Catherine Phillips: ‘How to be a European.’ Old Master Drawings for Catherine the Great

Добавить в календарь 2019-12-04 18:00:00 2024-12-23 04:46:34 Catherine Phillips: ‘How to be a European.’ Old Master Drawings for Catherine the Great Description Firsov hall School of Arts and Cultural Heritage info@eusp.org Europe/Moscow public
Date:
04.12.2019
Time:
18:00
Hall:
Firsov hall
Organizer:
School of Arts and Cultural Heritage
Speaker:
Catherine Philipps

On December 4 at 6 p.m. Catherine Phillips, Professor of Art History of the European University, will hold an inaugural lecture entitled "‘How to be a European.’ Old masters for Catherine the Great" at the Conference Hall. The working language is Russian. Admission is free.

Catherine the Great founded the now internationally-renowned drawings collection of the Hermitage Museum with the purchase in 1768 of the cabinet of Count Charles Cobenzl (Brussels). At a time when there were no collections of drawings in Russia, no collectors to emulate, and no established tradition, the purchase of over four thousand drawings was a radical act, far more innovative than the purchase of paintings. What led Catherine to make the purchase? What was its purpose?
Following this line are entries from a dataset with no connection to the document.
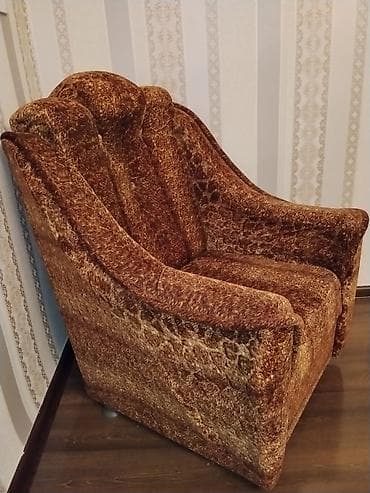 işlenmiş masa desti: Kreslo, Vеlur parça — 2
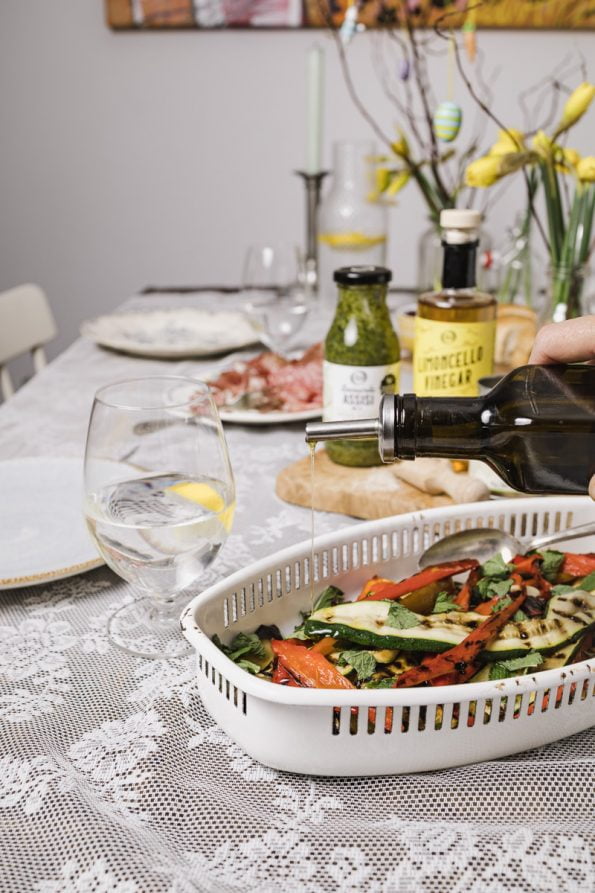 Gemarineerde Italiaanse groenten met gegrilde halloumi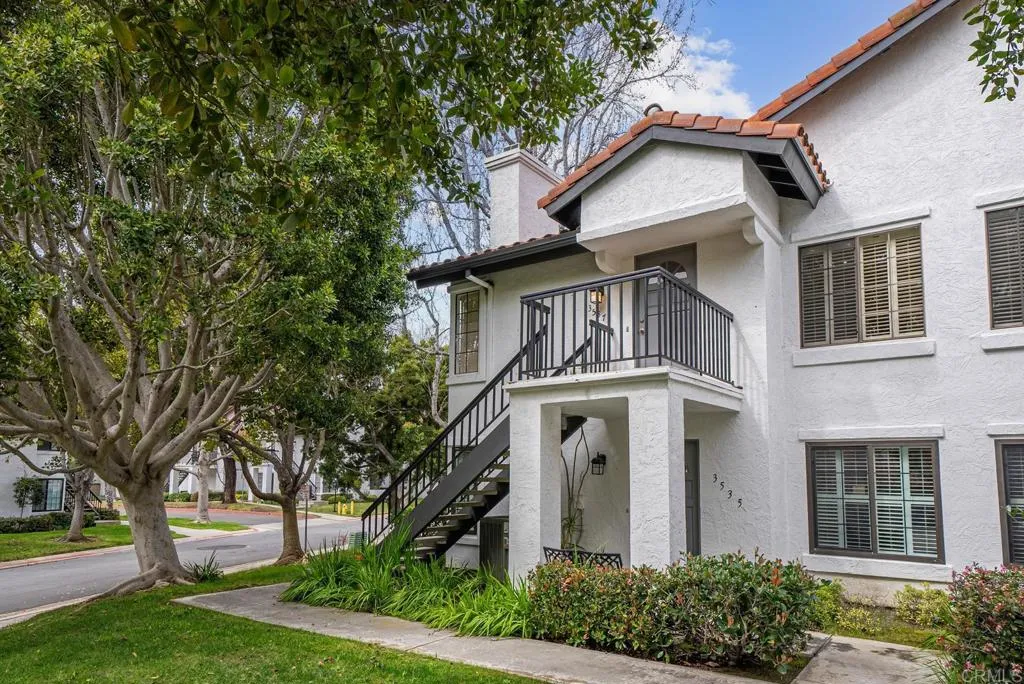 3537 Voyager Cir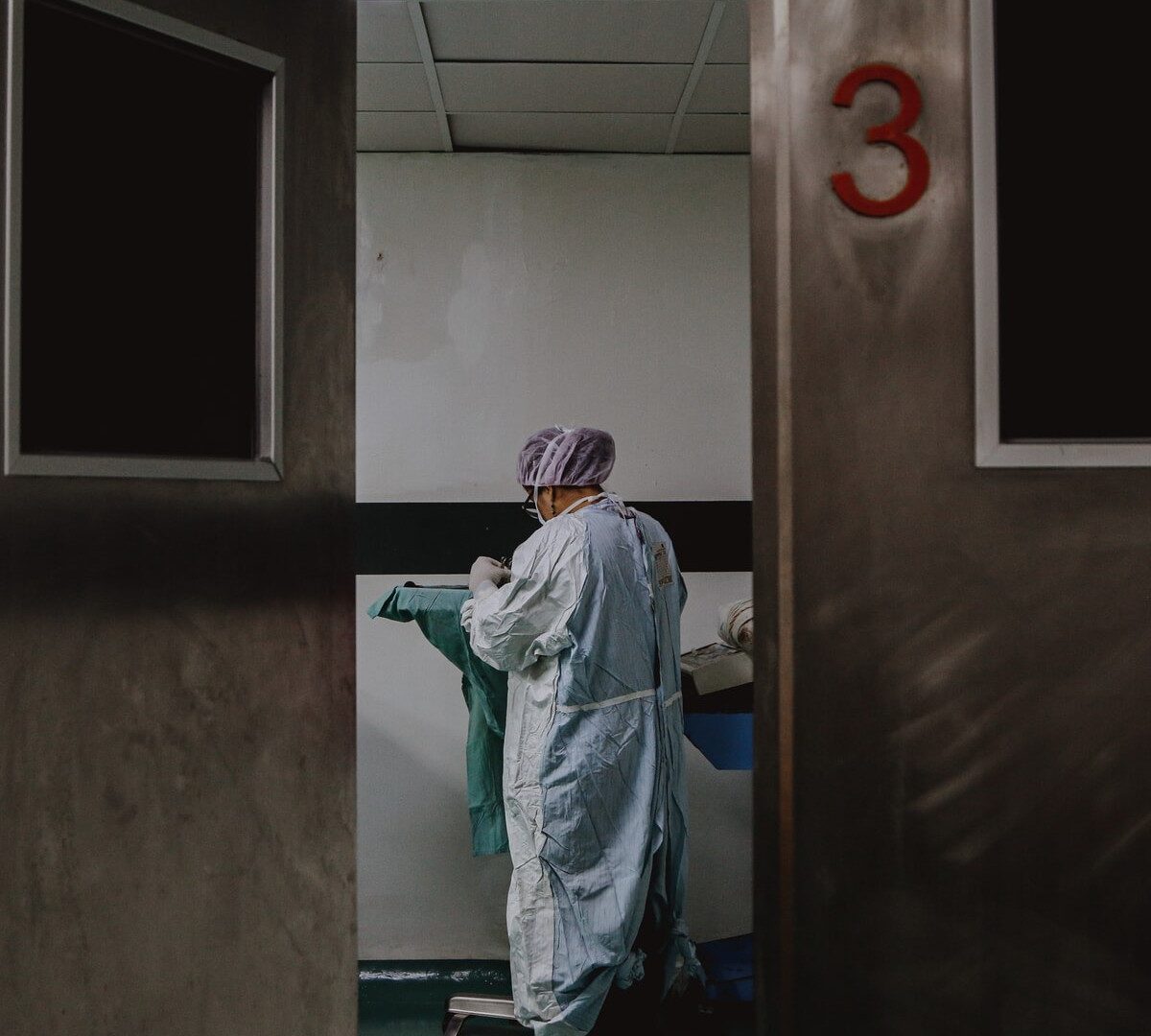 Un hôpital, pendant le covid. // Source : Unsplash/SJ Objio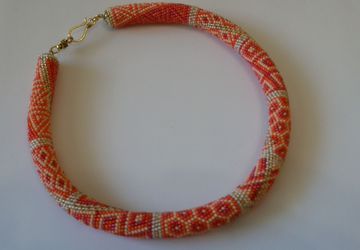 Жгут-колье из бисера "Апельсиновая нежность"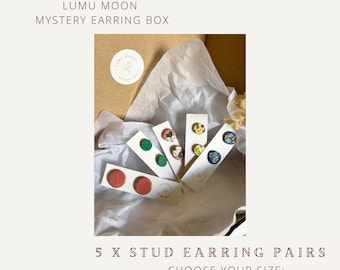Boîte à boucles d'oreilles mystère, boucle d'oreille en pâte polymère, porte-bonheur, mystère, cadeau pour elle, sac à main, surprise, boîte mystère, clous floraux, fait main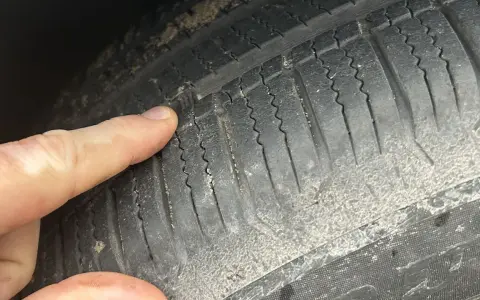 Gdzie sprzedać opony używane? Zyskaj na ogumieniu poradnik eksperta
Did she herself understand the significance of the acquisition?

So much has been said and written about the influence of foreign writers and thinkers on Catherine and her policies, particularly as relates to the arts, that less insistent voices stressing the role played by Russians in shaping and informing her understanding of the role of the arts in the immediate period after she came to power sometimes go unheard.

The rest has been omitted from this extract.